• _AIM OF THE EXERCISE_: Go to the line containing "Photo - 2909 Zelma Dr" below; retype it and all following lines exactly, and leave out the pictures.

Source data
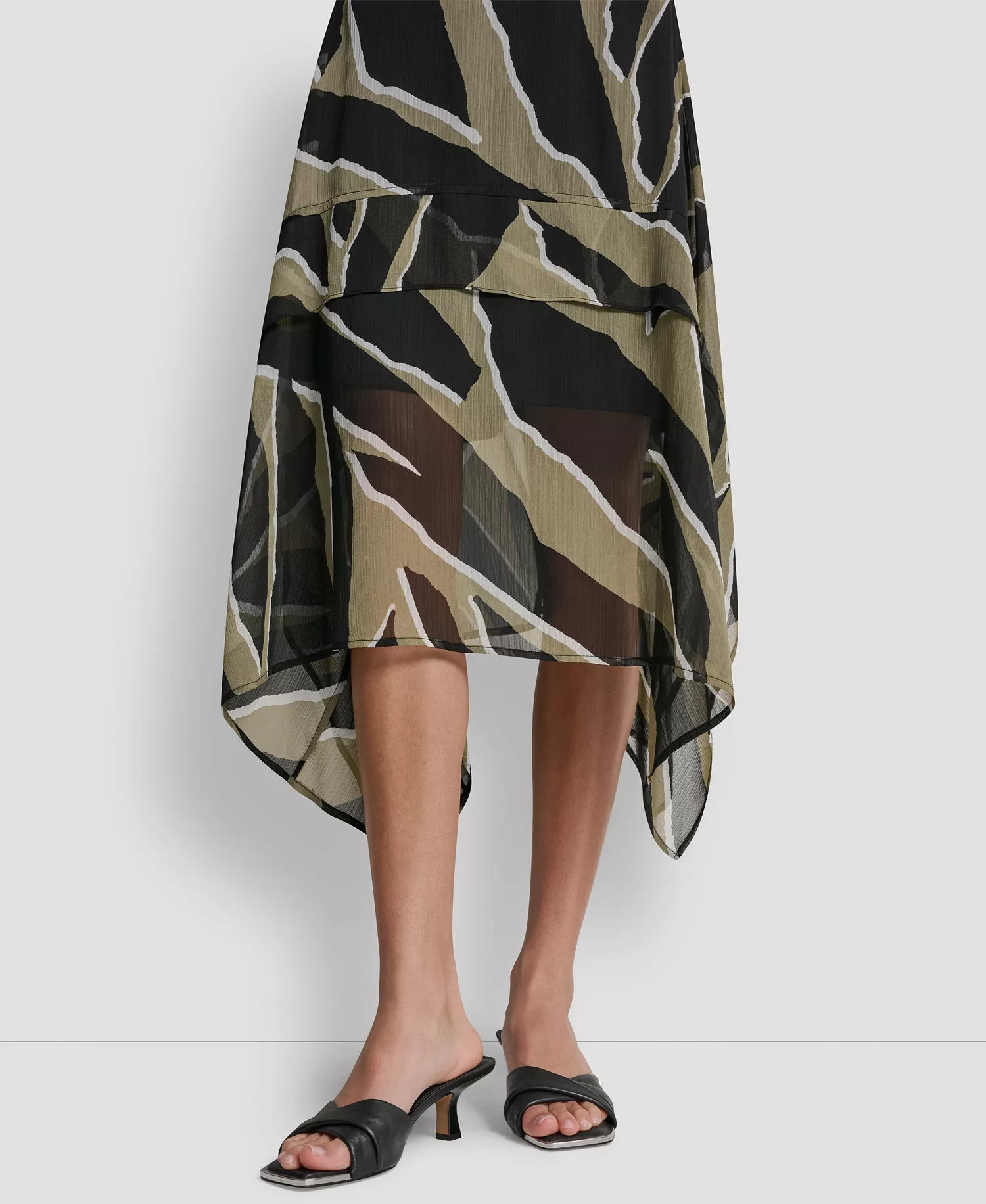 Women's Sleeveless Layered Crinkle V-Neck Dress - Jungle Black - L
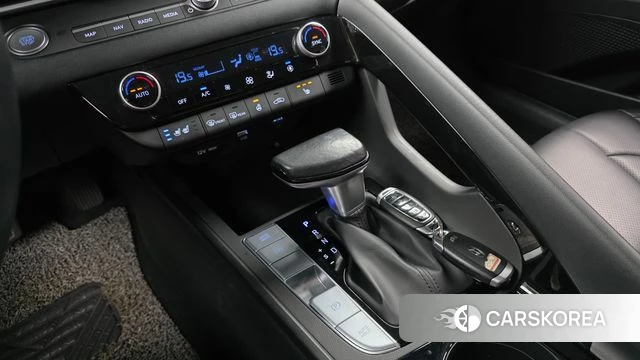 Hyundai Avante Hybrid (CN7) id 4250078 из Кореи 19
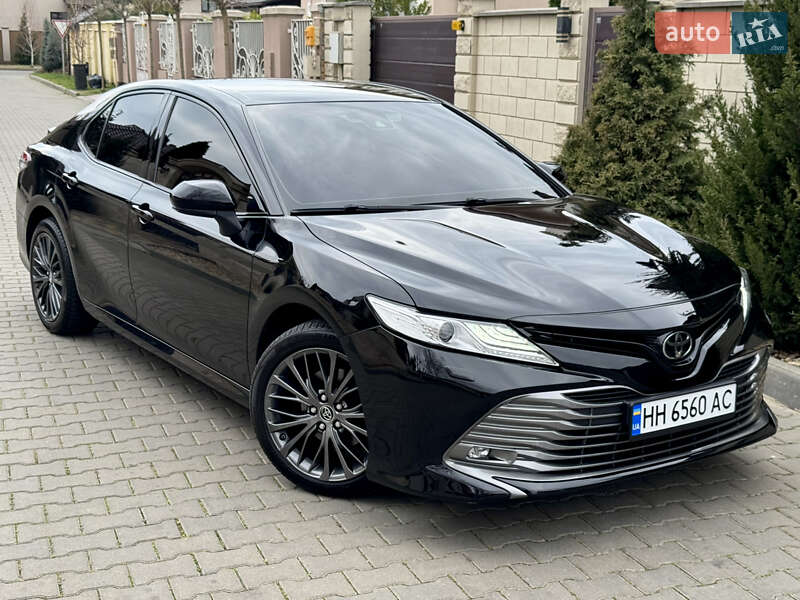 Седан Toyota Camry 2017 в 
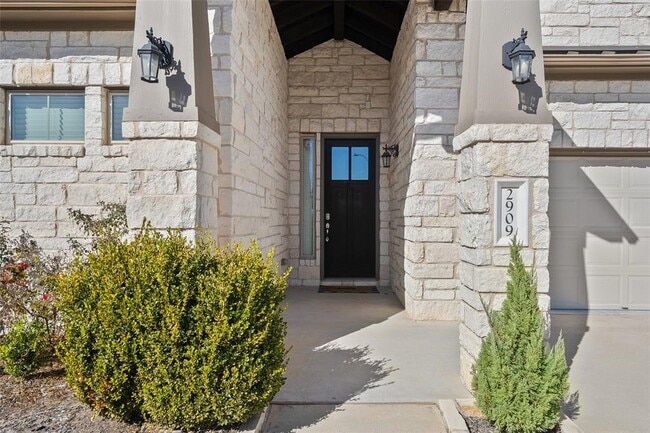 Photo - 2909 Zelma Dr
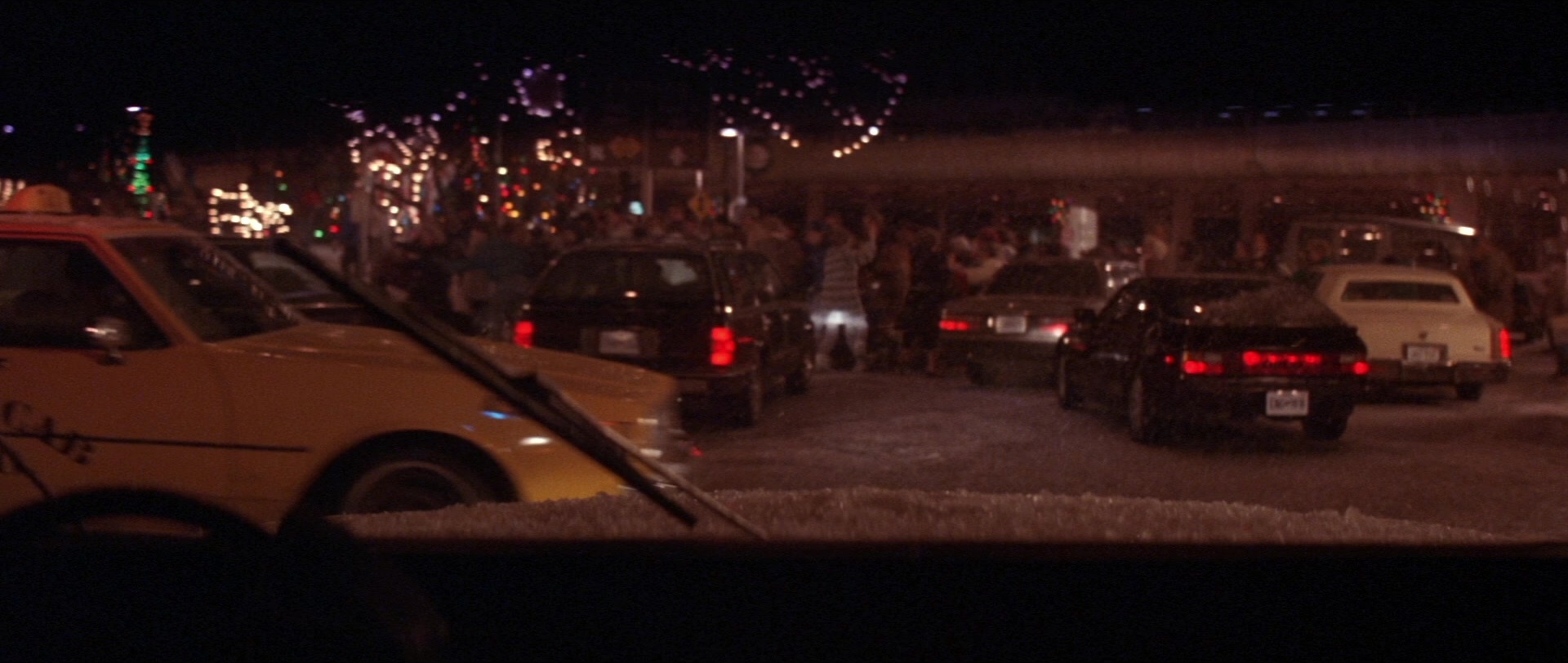 Die Hard 2 (1990), wide, 2.36:1 — film still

• _WRITTEN RESPONSE_:
 Photo - 2909 Zelma Dr
 Die Hard 2 (1990), wide, 2.36:1 — film still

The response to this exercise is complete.